The larvae are aquatic for 4-6 weeks, then they will start to morph, clours may be more visible, eyes change position and they will need access to a dry area, or they will drown.

Would love to see pics, and maybe able to see if your female is gravid.
Good Luck

Ben


----------



## cpiggott22 (Apr 1, 2009)

I told ya Ben would know :no1:


----------



## Ben W (Nov 18, 2008)

:Na_Na_Na_Na:


----------



## stephengoff (Mar 12, 2008)

Thanks BenW for the advice, i was considering to use brita water aswell, i always used mountin fresh bottled water. 

I have a pic of the male. I get photo's of the female soon..




This is the male, i worry for him as well as i've never really see him eat and he never take hand offered food, compared to the female who would snatch out of my hand. I always leave a crickets and worms in the cage for them. He should be alright though.

As for the female i guess i will jus have to wait, and keep a close eye on her.

Thanks people for the advice i like hearing from peoples own experience of breeding and keeping these wicked creatures.


----------



## stephengoff (Mar 12, 2008)

Also i was jus wondering how would you lot would handle the miniture fire salamanders ? Any good techniques ?


----------



## cpiggott22 (Apr 1, 2009)

lol, baby sals are teeny tiny. I tend not to handle sals anyway cos of chemicals etc but when I do need to move the littlies I moisten a spoon. Your chap looks slim but by no means underweight. Sals can go a heck of a long time without food...we only need to top our viv up with grub about once a month as they have such slow metabolism. I'm sure he'll adjust to his new environment. Are they wild caught? If so, remember he could be carrying any number of nasties and if he doesn't eat or seem right you may want to consider a decent vet.


----------



## Ben W (Nov 18, 2008)

The male is a terrestris, not a fastuosa, sorry!

Nice specimen though.

Ben


----------



## cpiggott22 (Apr 1, 2009)

I'm glad you said that! When I saw him something registered in the back of my brain but was too scared to tell the rest of me. Fatuosa have much more yellow don't they?


----------



## Ben W (Nov 18, 2008)

Indeed, they are more striped generally, although not always,thats why i like location details or i tend not to buy, you can be a bit more certain, although populations do overlap.

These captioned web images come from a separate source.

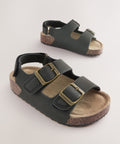 Black Standard Fit (F) Double Buckle Cushioned Footbed Sandals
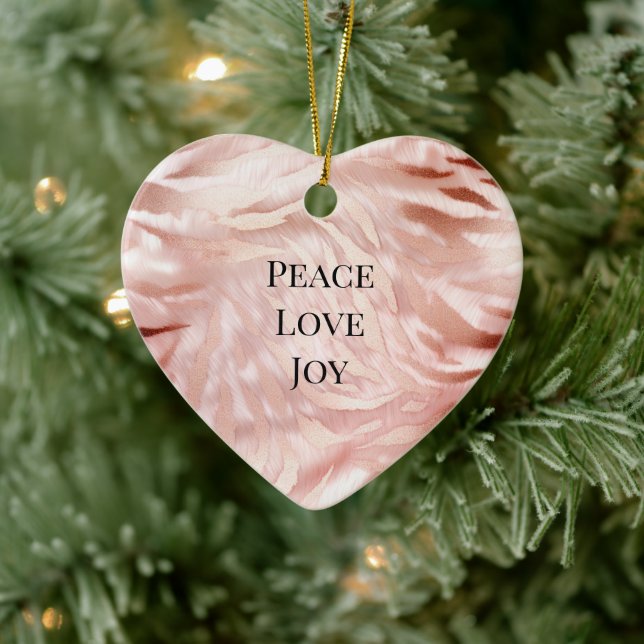 Pretty Pink Blush Rose Glam Zebra Animal Print Ceramic Ornament (Tree)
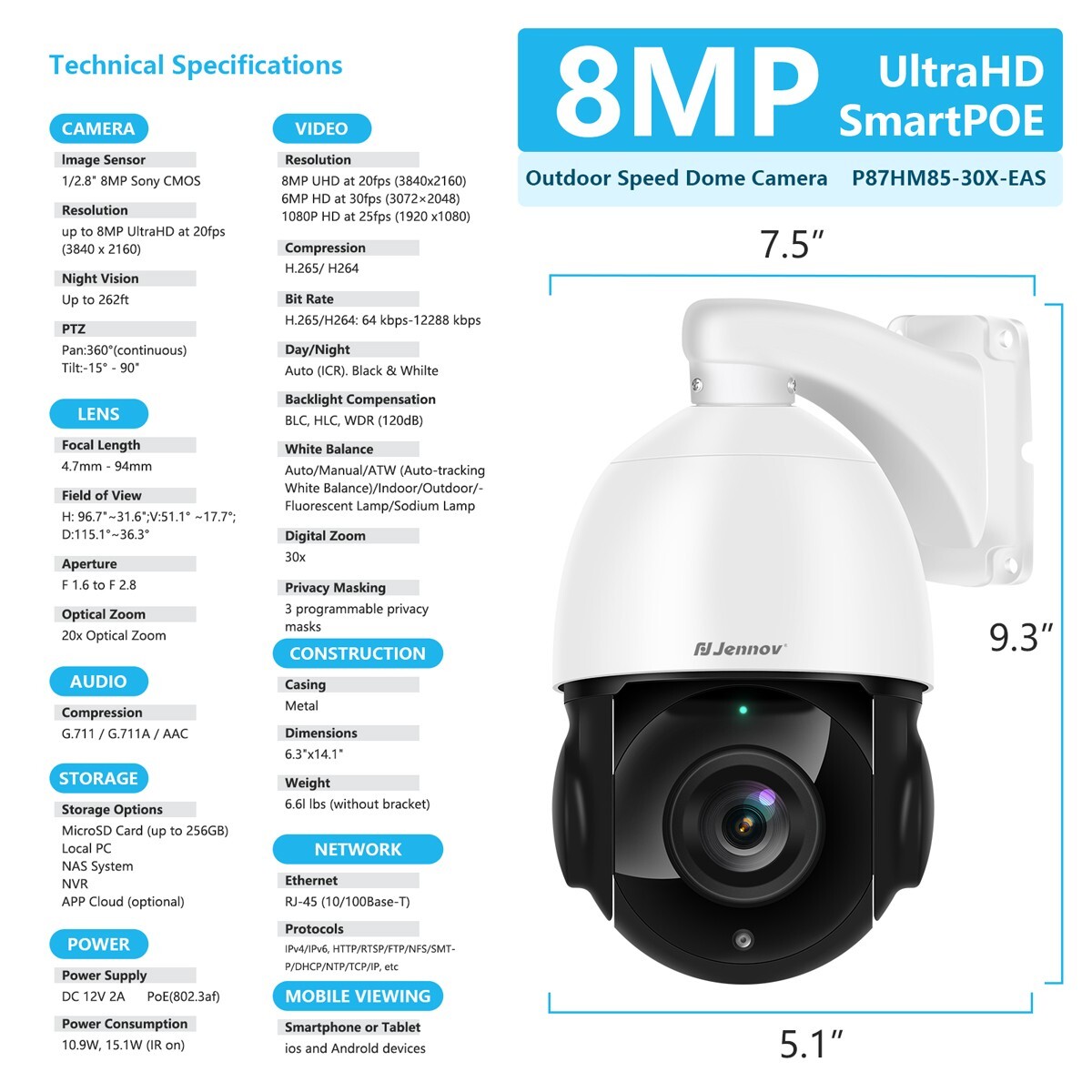 JENNOV Outdoor 4K 8MP Auto-Tracking PoE Security Camera 360° Coverage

If you look in my fire album you will see the difference between a fastuosa and a terrestris


----------



## stephengoff (Mar 12, 2008)

Thanks guys for the great feedback. 
I thought they were fastuosa as my sals are more stripped than spotted. But thanks for pointing that out to me.

I also think the male is slightely under-weight, but nothing to serious, taking into consideration there metabolic rate etc.

The female is larger than the male, i'll put sum photos on 2moz. Promise.....


----------